GK=川口能活(磐田)、下田崇(広島)、 都築龍太(浦和)
DF=田中誠(磐田)、宮本恒靖(ガ大阪)、三都主(浦和)、中澤佑二(横浜)、坪井慶介(浦和)、村井慎二(磐田)、加地亮(ガ大阪)、駒野友一(広島)、茂庭照幸(F東京)
MF=福西崇史(磐田)、小笠原満男(鹿島)、本山雅志(鹿島)、遠藤保仁(ガ大阪)、阿部勇樹(千葉)、長谷部誠(浦和)、小野伸二(浦和)
FW= 久保竜彦(横浜F)、巻誠一郎(千葉)、佐藤寿人(広島)
(※ 鈴木隆行(レッドスター)は移籍のため、土肥洋一(FC東京)、曽ヶ端準(鹿島)はけがのため不参加)
海外組が召集できないこの時期、今回の代表メンバーがそっくり、ドイツに行く可能性はない。では、だれが残り、だれが入れ替わるのか。

●4年前のトルシエの呪縛
2002年、日韓ワールド杯決勝トーナメントで日本代表がベスト8を賭けたトルコ戦に負けた後、ときの日本代表監督フィリップ・トルシエは、記者会見で次のように語った。
「私にとっては、これで4年間の冒険が終わる。しかし、日本サッカーはまだ終わりではない。日本には海外でのビッグゲームの経験が不足している。日本は、もっと海外遠征をするべきだ」
さらに、「2006年(ドイツW杯へ向けての日本)についてどう思うか」という問に対して、
「選手はみんなまだ若い。いま24歳の選手は(2006年に)28歳だ。しかし、前園や城は自信を持ち過ぎて地獄に落ちた。マスコミには気をつけなければいけない。前園や城のようにならず、自分を磨いていけば、素晴らしいチームになるだろう」
トルシエは、ベスト16という勲章を得た日本代表選手の将来を祝福すると同時に、意味深長な警告を忘れなかった。彼は日韓大会の代表選手が順調に成長すれば、ドイツ大会でも十分戦えるという確信をつかんでいるかのように、日本国民に向けて語った。

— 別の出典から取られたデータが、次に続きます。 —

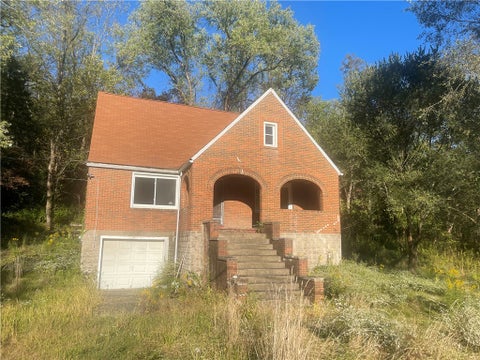 Homes For Sale - 102 Turnbull Ln<br/> Perry Twp, PA 15492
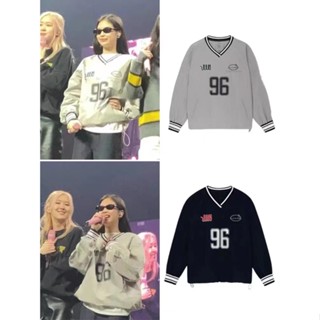 [SR-STUDIO] พร้อมส่ง เสื้อเบสบอล คอวี ปักลาย JENNIE สําหรับผู้หญิง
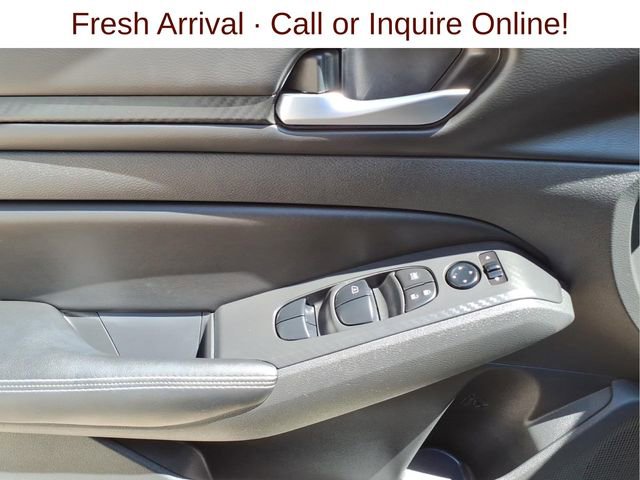 Used 2024 Nissan Altima 2.5 SV image 11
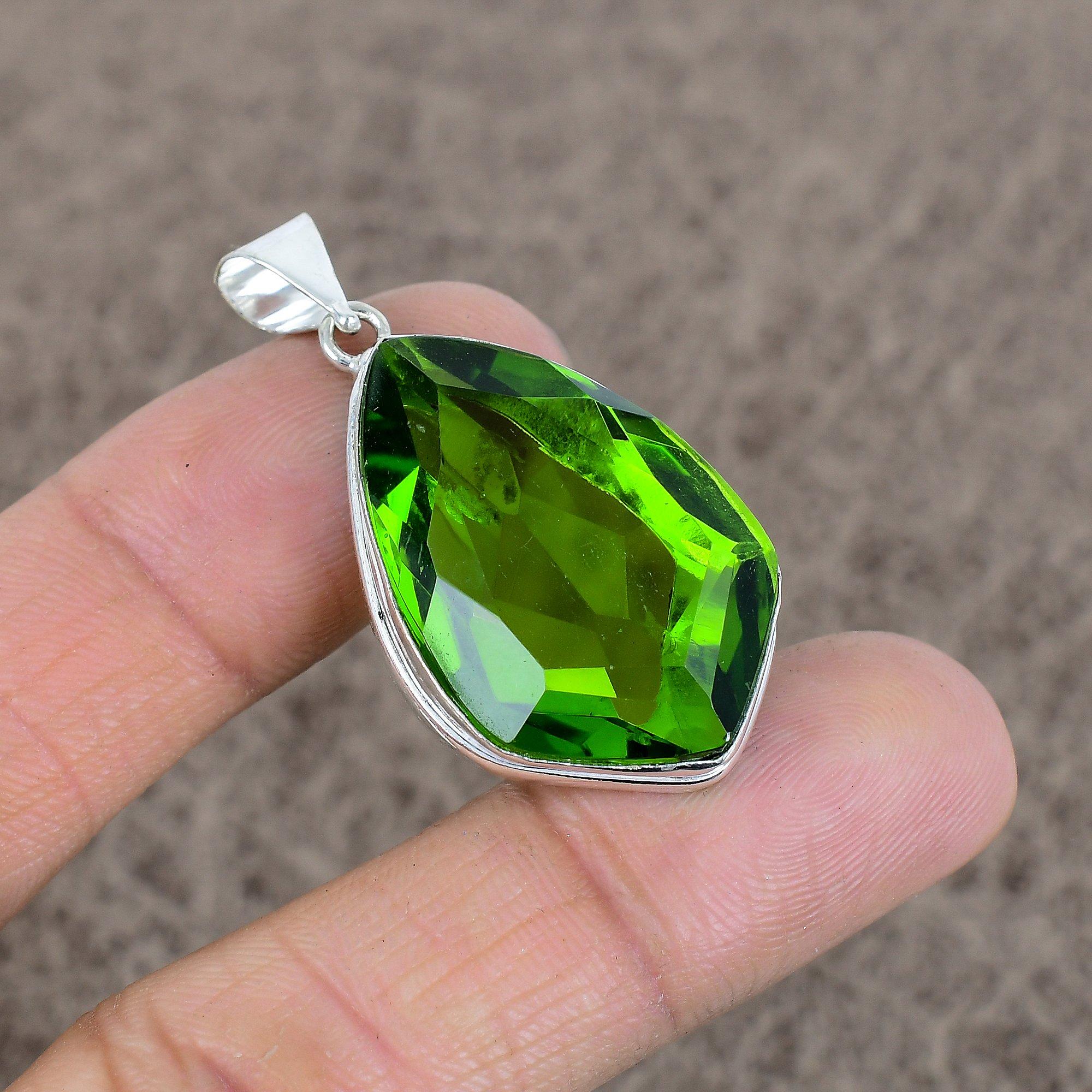 

Peridot Gemstone Handmade 925 Sterling Silver Jewelry Pendant 1.77 KKG-71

しかし、筆者はトルシエの言葉を信じなかった。トルシエはドイツ大会で日本代表が日韓大会以上の成績を上げたならば、それは自分の育てた選手達が順調に成長した結果だ、といいたかったのだ。トルシエは、自分が日韓、ドイツの2大会の功労者であると主張したかったのだ。トルシエは、ドイツ大会で日本が予選敗退すれば、選手が城や前園のように自分を失ったからだ、という保険をかけることを忘れていない。保険がなくとも、後任監督の責任にすることも可能だ。ドイツ大会の結果がどちらに転んでも、トルシエの功績が損なわれることはない。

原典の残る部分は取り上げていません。